A: Despite having an ALMM (Approved List of Models and Manufacturers) enlisted module manufacturing capacity of ~25 GW, the cell manufacturing capacity in India is considerably low at ~4-5 GW. On a global scale, cell manufacturing is also low, even in countries like the U.S.

The PLI program is focused on developing an integrated value chain from polysilicon to module manufacturing.

It is true that with the massive scale of technology adoption by the Chinese, equipment, and machinery for high-efficiency module manufacturing would be imported from China. Further, Chinese technical experts and professionals would be required to install the assembly lines in the Indian factories.

With silica and polysilicon being the chief ingredient and China having control over the global polysilicon market, independence from Chinese imports can’t be achieved in the immediate short-to-medium term. However, on a longer-term horizon, such reliance may get reduced drastically.

India has the world’s fifth-largest solar power capacity but relies on Chinese imports. This is the best opportunity to increase our domestic manufacturing capacity. India is largely dependent on imports of silica, but we have the potential to improve capabilities in other aspects.
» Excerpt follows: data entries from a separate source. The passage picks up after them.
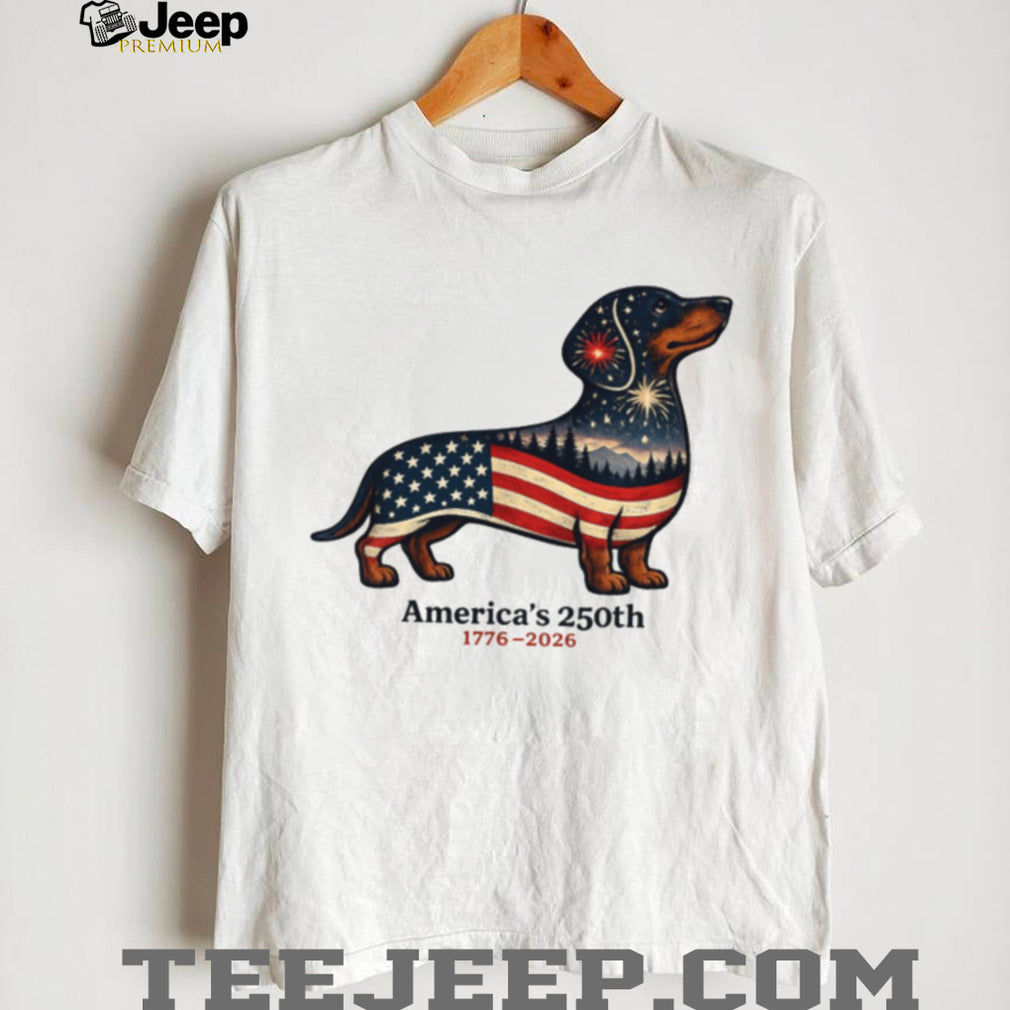 Patriotic Dachshund Dog US America 250th Anniversary Shirt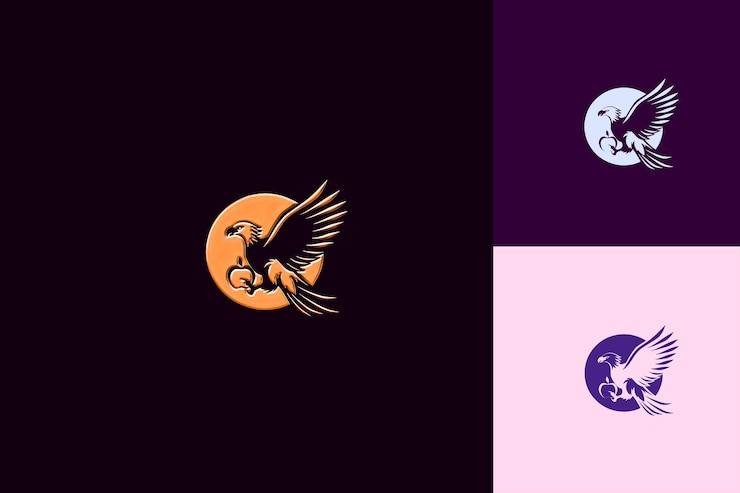 PSD logotipo de cóctel de manzana con una manzana y un emblema de águila de la selva png diseños de bebidas inspiradas en los trópicos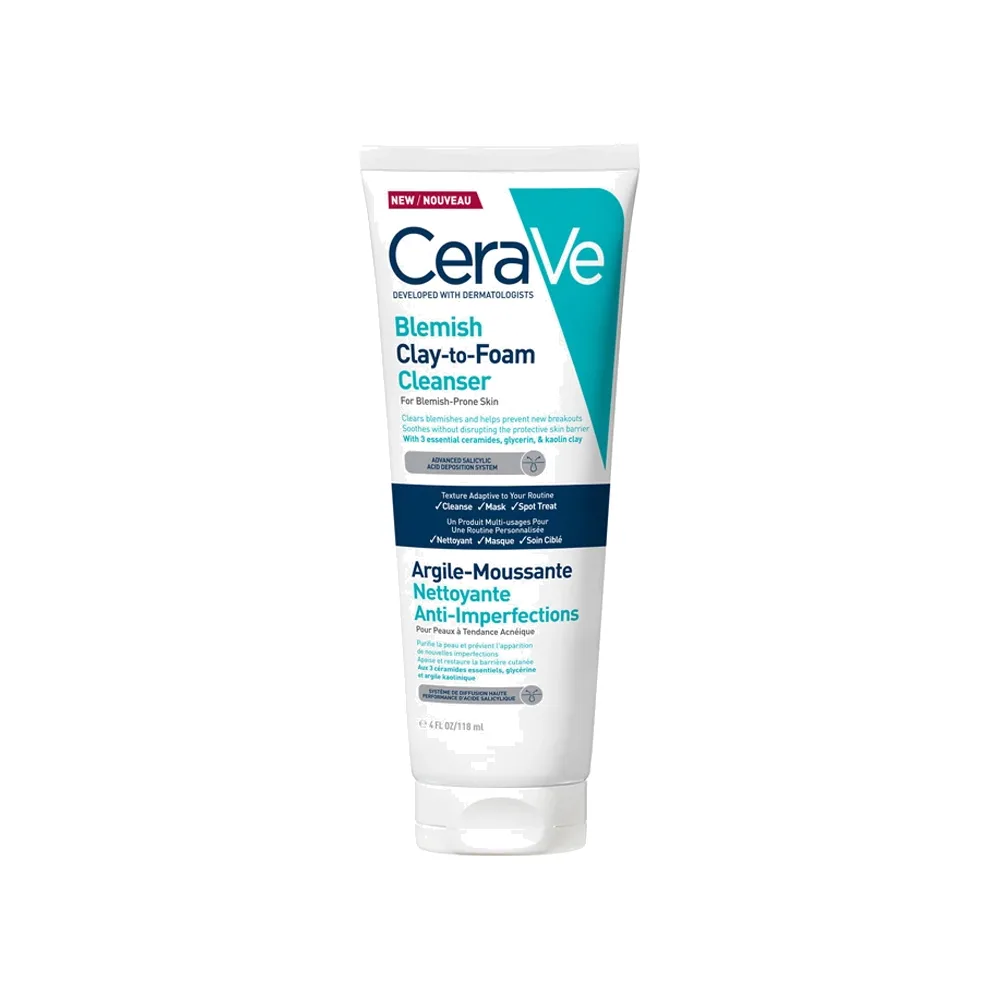 CeraVe Blemish Clay-to-Foam Cleanser 118ml.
Currently, solar manufacturing equipment is imported from China or Europe, but that is again a one-time exercise. Our government has already taken steps to boost local manufacturing, promoting R&D by funding and establishing research centers, and taking steps to address the shortage of skilled workers and technology.

Q: Can you tell us about Avaada’s current operation, projects in the pipeline, and its contribution to making the energy transition achievable?

A: Avaada Energy is India’s leading integrated energy enterprise with business interests across the energy transition value chain. It is one of India’s fastest-growing renewable energy companies, a top performer in the Indian RE space, and has commissioned some of India’s largest renewable energy projects.

Avaada Group has built one of India’s largest portfolios of solar power projects and aims to reach 11 GW capacity by 2025 and 30 GW capacity by 2030.

Avaada has also been recognized by Mercom as the leading utility-scale solar developer in CY 2022.

We are also pursuing multiple opportunities in the C&I segment and are in close touch with domestic and multi-national entities interested in adopting renewable energy through open access and are closing deals in the current and forthcoming quarters.

At Avaada, we strongly believe that embracing renewable energy by the C&I sector will go a long way in achieving energy transition in its true sense.

Q: What are Avaada Energy’s expansion plans in terms of capacity addition?

A: Avaada Energy is committed to achieving 11 GW capacity by 2025. The construction of the projects won through competitive bidding will commence after signing the PPA (power purchase agreements). Further, several projects dedicated to the C&I category will also hit the ground in the coming months.

In addition to the projects awarded through competitive bidding by states, Avaada Group will add firm dispatchable renewable capacity for green ammonia production.

As for diversification, Avaada is also looking forward to electrolyzer manufacturing and other green hydrogen derivatives.

Q: What are the main challenges in the Indian market with solar installations?

A:  Recently, certain states have introduced charges or restrictions for setting up projects for exporting renewable energy to other states. These include non-allotment of land for RE export projects, imposing yearly charges per MW basis, and additional fees per unit for the export of power.

We believe that such additional elements will dissuade the renewable energy project development in a country without the same renewable energy potential across its length and breadth. Such roadblocks need to be removed for the larger goal of achieving energy transition.

Additionally, problems like the theft of cables and conductors from rural areas have also become a prominent issue for developers. The issue has been brought to the notice of the MNRE and state governments for necessary action. Because no strict laws govern these actions, they are difficult to maintain.

Projects are being established in remote areas where roads are not yet fully maintained, and therefore, transportation and project setup becomes difficult. As a result, we can say that geographical barriers remain a significant challenge in establishing, maintaining, and operating projects.

Q: We have seen that rooftop solar installations have underperformed against the target. What is the reason behind this, and how can it be improved?

A: About 9 GW of solar rooftop capacity has been installed in the country, which is minimal compared to the target capacity of 40 GW. It is evident that the segment has underperformed. This underperformance is predominantly due to the challenges faced on four fronts:

Financial institutions – These institutions face obstacles such as lengthy due diligence processes, concerns about customer creditworthiness and collateral risks, limited loan options, and a lack of awareness among branch officers.

Distribution companies – Revenue loss is a potential issue, as there is excess capacity in PPAs and fixed-cost payments. There is also a lack of focus on RPO compliance, and DISCOM officers often lack adequate training.

Project Developers – Developers face several challenges, including a lack of standardized installation benchmarks, intense competition that leads to quoting unviable low rates, inadequate quality control during installations, limited availability of site data, and delays in feasibility studies and PPA signing.

Government – Policy and regulatory uncertainties have contributed to the underperformance. Delays in subsidy disbursement, frequent revisions in criteria for net metering, net billing, and gross metering, restrictions on connection limits based on sanctioned load, and distribution transformer limitations are among the key issues.

One of the other biggest impediments is the lack of awareness of the consumers and the upfront capital cost. Though multilateral institutions such as World Bank and Asian Development Bank have lent through the State Bank of India and Punjab National Bank, respectively, for the development of solar rooftop projects, the pace of capacity addition has not been attractive.

Aggregation of demand and empanelment of installers by DISCOMS has been met with enthusiasm from consumers interested in installing solar rooftop capacity. A few SERCs have also notified regulations for group and virtual net metering, which offer advantages for consumers who do not have enough roof space to install solar projects.

The state governments and their DISCOMS need to proactively adopt rooftop solar and work on addressing these challenges.